Data records
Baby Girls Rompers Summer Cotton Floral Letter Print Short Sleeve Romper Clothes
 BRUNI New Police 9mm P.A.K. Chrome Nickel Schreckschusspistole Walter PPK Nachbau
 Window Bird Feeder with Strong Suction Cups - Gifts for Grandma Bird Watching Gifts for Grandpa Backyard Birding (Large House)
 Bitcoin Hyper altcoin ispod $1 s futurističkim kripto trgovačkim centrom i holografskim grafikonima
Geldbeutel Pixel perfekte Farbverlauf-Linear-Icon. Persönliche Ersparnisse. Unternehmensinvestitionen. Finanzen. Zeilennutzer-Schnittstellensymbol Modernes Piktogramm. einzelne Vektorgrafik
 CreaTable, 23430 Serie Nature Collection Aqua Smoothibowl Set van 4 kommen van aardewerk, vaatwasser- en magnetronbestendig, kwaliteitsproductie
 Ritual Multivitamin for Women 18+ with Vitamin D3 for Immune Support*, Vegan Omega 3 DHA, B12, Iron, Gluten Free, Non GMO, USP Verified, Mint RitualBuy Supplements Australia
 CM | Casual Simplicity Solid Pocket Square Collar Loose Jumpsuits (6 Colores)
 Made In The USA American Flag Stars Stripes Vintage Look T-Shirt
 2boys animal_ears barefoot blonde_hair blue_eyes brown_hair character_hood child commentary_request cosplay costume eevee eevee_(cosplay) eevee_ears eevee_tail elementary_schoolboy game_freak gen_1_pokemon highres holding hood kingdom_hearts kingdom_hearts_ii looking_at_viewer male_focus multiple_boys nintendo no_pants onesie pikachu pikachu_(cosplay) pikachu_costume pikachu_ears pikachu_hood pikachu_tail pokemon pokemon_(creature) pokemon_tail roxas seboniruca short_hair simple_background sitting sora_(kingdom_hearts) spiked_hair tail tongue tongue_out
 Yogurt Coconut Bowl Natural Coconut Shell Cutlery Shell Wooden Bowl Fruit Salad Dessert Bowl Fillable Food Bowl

Aim of the exercise
Copy every line of the entries above in which "with" occurs.

Task output
 Window Bird Feeder with Strong Suction Cups - Gifts for Grandma Bird Watching Gifts for Grandpa Backyard Birding (Large House)
 Ritual Multivitamin for Women 18+ with Vitamin D3 for Immune Support*, Vegan Omega 3 DHA, B12, Iron, Gluten Free, Non GMO, USP Verified, Mint RitualBuy Supplements Australia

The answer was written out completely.